<h2>chaii QA - 5 Fold XLMRoberta Training + Inference in Torch w/o Trainer API</h2>
    
<h3><span "style: color=#444">Introduction</span></h3>

This kernel preprocesses MLQA, XQUAD Hindi Corpus. For more information check the finetuning notebook.

This is a three part kernel,

- [External Data - MLQA, XQUAD Preprocessing](https://www.kaggle.com/rhtsingh/external-data-mlqa-xquad-preprocessing) which preprocesses the Hindi Corpus of MLQA and XQUAD. I have used these data for training.

- [chaii QA - 5 Fold XLMRoberta Torch | FIT](https://www.kaggle.com/rhtsingh/chaii-qa-5-fold-xlmroberta-torch-fit/edit) This kernel showcases Finetuning (FIT) on competition + external data combining different strategies.

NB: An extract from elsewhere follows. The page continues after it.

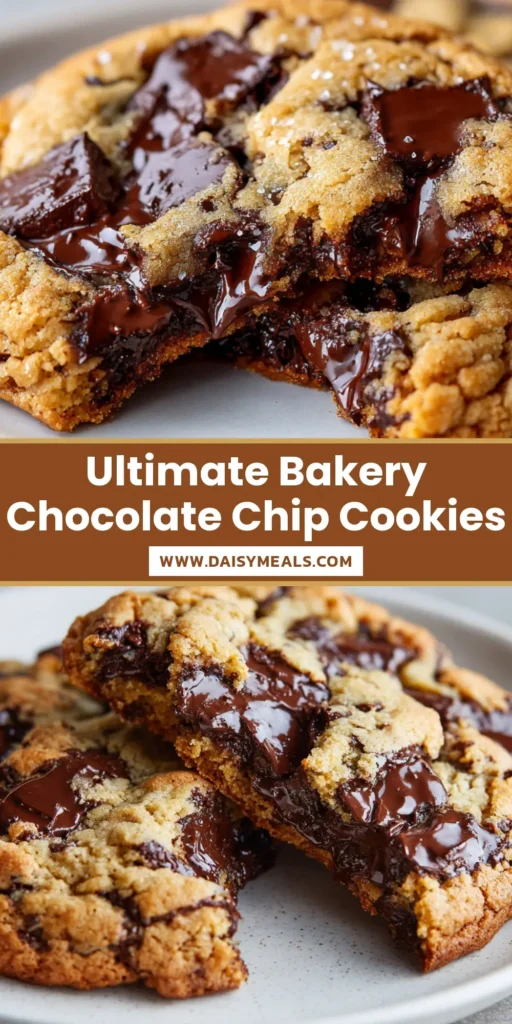 A thick, golden-brown bakery-style chocolate chip cookie broken open to reveal a chewy interior with large pools of gooey melted chocolate. (Bakery-Style Chocolate Chip Cookies)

- [chaii QA - 5 Fold XLMRoberta Torch | Infer](https://www.kaggle.com/rhtsingh/chaii-qa-5-fold-xlmroberta-torch-infer) The Inference kernel where we ensemble our 5 Fold XLMRoberta Models and do the submission.

## MLQA

In [None]:
!wget https://dl.fbaipublicfiles.com/MLQA/MLQA_V1.zip

In [None]:
import zipfile
with zipfile.ZipFile('/kaggle/working/MLQA_V1.zip') as zip_ref:
    zip_ref.extractall('/kaggle/working/')

In [None]:
import os
import sys
import random
import argparse
import json
import nltk
import numpy as np
import pandas as pd
from tqdm import tqdm

# sys.setdefaultencoding('utf8')
random.seed(42)
np.random.seed(42)

In [None]:
mlqa_train_data = '/kaggle/working/MLQA_V1/dev/dev-context-hi-question-hi.json'
mlqa_test_data = '/kaggle/working/MLQA_V1/test/test-context-hi-question-hi.json'

with open(mlqa_train_data, 'r') as file_input:
    train_file = json.load(file_input)
    
with open(mlqa_test_data, 'r') as file_input:
    test_file = json.load(file_input)

In [None]:
def preprocess(dataset, tier):
    num_exs = 0 
    examples = []

    for articles_id in tqdm(range(len(dataset['data'])), desc="Preprocessing {}".format(tier)):
        article_paragraphs = dataset['data'][articles_id]['paragraphs']
        for pid in range(len(article_paragraphs)):
            context = article_paragraphs[pid]['context']
            context = context.replace("''", '" ')
            context = context.replace("``", '" ')
            qas = article_paragraphs[pid]['qas'] 
            for qn in qas:
                question = qn['question'] 
                ans_text = qn['answers'][0]['text']
                ans_start_charloc = qn['answers'][0]['answer_start']
                ans_end_charloc = ans_start_charloc + len(ans_text)
                examples.append(
                    {
                        # 'id':articles_id,
                        'context':context, 
                        'question':question, 
                        'answer_text':ans_text, 
                        'answer_start':ans_start_charloc, 
                        # 'answer_end':ans_end_charloc
                    }
                )

                num_exs += 1
    print(num_exs)    
    return examples

In [None]:
examples_train = preprocess(train_file, 'dev')
examples_test = preprocess(test_file, 'test')

In [None]:
examples = examples_train + examples_test
mlqa = pd.DataFrame(examples)
mlqa['language'] = 'hindi'

### XQUAD

In [None]:
!git clone https://github.com/deepmind/xquad.git

In [None]:
xquad_train_file = '/kaggle/working/xquad/xquad.hi.json'

with open(xquad_train_file, 'r') as file_input:
    train_file = json.load(file_input)
    
examples_train = preprocess(train_file, 'dev')
xquad = pd.DataFrame(examples_train)
xquad['language'] = 'hindi'

### Remove downloaded files

In [None]:
import os, shutil
folder = '/kaggle/working/'
for filename in os.listdir(folder):
    file_path = os.path.join(folder, filename)
    try:
        if os.path.isfile(file_path) or os.path.islink(file_path):
            os.unlink(file_path)
        elif os.path.isdir(file_path):
            shutil.rmtree(file_path)
    except Exception as e:
        print('Failed to delete %s. Reason: %s' % (file_path, e))

### Save Data

In [None]:
mlqa.to_csv('mlqa_hindi.csv', index=False)
xquad.to_csv('xquad.csv', index=False)

In [None]:
xquad.head(5)

In [None]:
mlqa.head(5)